In 1967, the college was re-christened St. Clair County Community College, no longer operating under the Port Huron school district.
This may seem like ancient history to some, but for two members of the SC4 community, it has been their life.
Professor emeritus Bob Tansky, now a member of SC4’s board of trustees, and Professor emeritus Tom Obee, have both been with the college since its days as Port Huron Junior College.
Tansky said he has been at St. Clair County Community College since about 1966.
“The main building was at that time one of two buildings that the college had, for all practical purposes,” said Tansky. “When I was being interviewed for the teaching job, the wrecking crew was taking down the St. Stevens Church, which was pretty emotional.”
“I taught in the main building all but a couple years in the early 80’s, when they were doing some remodeling. Other than that, the main building was ‘home,’” said Tansky.
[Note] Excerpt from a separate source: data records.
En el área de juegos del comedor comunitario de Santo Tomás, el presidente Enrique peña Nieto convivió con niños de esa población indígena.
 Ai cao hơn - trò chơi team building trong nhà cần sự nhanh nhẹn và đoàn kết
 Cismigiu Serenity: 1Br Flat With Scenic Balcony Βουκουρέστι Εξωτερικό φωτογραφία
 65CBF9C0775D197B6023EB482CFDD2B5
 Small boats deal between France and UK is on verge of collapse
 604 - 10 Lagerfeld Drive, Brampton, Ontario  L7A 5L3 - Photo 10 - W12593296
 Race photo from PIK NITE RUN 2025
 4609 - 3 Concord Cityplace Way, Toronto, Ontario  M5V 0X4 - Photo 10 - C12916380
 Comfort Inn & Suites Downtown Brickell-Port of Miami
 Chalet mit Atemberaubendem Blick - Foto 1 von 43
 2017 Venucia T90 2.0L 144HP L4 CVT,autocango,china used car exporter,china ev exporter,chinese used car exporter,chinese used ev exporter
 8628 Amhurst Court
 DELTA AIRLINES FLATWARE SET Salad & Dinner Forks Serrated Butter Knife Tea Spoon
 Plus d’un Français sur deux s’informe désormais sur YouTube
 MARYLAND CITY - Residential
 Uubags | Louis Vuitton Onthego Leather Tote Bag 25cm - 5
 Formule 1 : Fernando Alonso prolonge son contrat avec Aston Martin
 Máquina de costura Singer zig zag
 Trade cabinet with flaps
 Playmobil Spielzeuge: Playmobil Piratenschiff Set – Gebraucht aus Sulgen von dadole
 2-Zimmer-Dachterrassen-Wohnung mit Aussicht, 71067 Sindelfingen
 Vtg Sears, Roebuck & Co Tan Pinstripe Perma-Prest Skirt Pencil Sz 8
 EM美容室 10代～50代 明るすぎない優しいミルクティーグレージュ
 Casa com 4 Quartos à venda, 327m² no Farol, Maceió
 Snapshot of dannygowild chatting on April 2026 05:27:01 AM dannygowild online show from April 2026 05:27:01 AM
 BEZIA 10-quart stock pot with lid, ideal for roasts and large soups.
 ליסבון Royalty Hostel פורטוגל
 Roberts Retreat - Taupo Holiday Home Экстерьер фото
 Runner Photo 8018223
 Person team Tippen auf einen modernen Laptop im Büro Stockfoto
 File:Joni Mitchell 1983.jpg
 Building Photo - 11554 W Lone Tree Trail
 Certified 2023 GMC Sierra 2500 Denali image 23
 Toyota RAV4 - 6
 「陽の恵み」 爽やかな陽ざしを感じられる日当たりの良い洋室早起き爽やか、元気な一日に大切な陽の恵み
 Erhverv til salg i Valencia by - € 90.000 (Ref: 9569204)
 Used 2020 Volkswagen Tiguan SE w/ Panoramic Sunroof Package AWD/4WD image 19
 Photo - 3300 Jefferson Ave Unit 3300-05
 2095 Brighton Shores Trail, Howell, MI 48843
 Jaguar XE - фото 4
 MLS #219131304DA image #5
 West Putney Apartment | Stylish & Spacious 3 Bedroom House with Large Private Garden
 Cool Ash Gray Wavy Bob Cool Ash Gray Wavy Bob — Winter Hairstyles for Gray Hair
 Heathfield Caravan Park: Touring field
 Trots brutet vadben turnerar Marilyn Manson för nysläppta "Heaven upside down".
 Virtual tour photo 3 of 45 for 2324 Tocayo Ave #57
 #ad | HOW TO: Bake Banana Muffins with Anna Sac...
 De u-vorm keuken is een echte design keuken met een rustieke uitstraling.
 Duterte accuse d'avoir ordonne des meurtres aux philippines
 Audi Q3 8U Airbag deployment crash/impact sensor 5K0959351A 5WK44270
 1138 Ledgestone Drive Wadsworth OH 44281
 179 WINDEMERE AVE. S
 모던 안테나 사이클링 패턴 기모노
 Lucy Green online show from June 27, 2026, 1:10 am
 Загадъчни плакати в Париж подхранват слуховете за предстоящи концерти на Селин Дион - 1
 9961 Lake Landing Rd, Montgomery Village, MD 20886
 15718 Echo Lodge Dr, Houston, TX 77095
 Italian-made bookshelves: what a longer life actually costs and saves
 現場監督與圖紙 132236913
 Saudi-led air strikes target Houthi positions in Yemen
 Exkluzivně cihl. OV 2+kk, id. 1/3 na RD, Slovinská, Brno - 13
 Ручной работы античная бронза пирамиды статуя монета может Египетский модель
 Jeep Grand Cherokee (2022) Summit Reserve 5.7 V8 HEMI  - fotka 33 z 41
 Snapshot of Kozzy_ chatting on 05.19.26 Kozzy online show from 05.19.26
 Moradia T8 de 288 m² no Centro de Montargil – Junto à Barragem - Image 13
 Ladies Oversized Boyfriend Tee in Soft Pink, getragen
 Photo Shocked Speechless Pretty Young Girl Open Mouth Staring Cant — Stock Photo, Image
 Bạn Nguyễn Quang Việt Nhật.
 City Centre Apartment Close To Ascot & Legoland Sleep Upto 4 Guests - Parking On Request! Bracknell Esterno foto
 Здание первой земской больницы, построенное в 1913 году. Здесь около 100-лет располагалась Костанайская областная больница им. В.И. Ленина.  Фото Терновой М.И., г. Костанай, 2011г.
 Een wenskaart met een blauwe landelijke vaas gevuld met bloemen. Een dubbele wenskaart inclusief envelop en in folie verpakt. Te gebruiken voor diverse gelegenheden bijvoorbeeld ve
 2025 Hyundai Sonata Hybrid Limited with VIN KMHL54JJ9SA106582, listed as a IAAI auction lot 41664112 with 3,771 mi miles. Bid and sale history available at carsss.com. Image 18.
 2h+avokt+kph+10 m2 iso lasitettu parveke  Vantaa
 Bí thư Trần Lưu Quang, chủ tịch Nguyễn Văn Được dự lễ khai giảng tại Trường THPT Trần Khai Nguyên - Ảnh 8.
Obee began as a student in 1961, and then went to University of Michigan for a bachelor’s degree and University of Wisconsin for a master’s. In 1967 he returned.
Obee and Tansky said the Main Building remained relatively static until the early 1980’s, during which the building underwent major renovations.
“Back at that time, we had the library in the main building,” said Tansky. “We had the cafeteria, lots of classrooms, and the administration. They used to have a coal bin to heat the building.”
During the renovations, several major changes occurred on campus, including the library being moved “book by book” to the CEM building, according to Tansky.
“I remember them putting the elevator on the outside of the building so that we met the requirements for disabilities,” said Tansky. “Prior to that time, we had to schedule classes on the first floor [for disabled students]. The elevator was a welcome change.”
Underneath the carpets of the main building, Obee said, are wooden floors which were “squeaky,” with “beautiful ceilings” just above the tiles.
Obee said he was impressed by how “modern” the inside of the school looked after the renovation, “but we lost the elegance of the cornices and a lot of the stuff that’s up there.”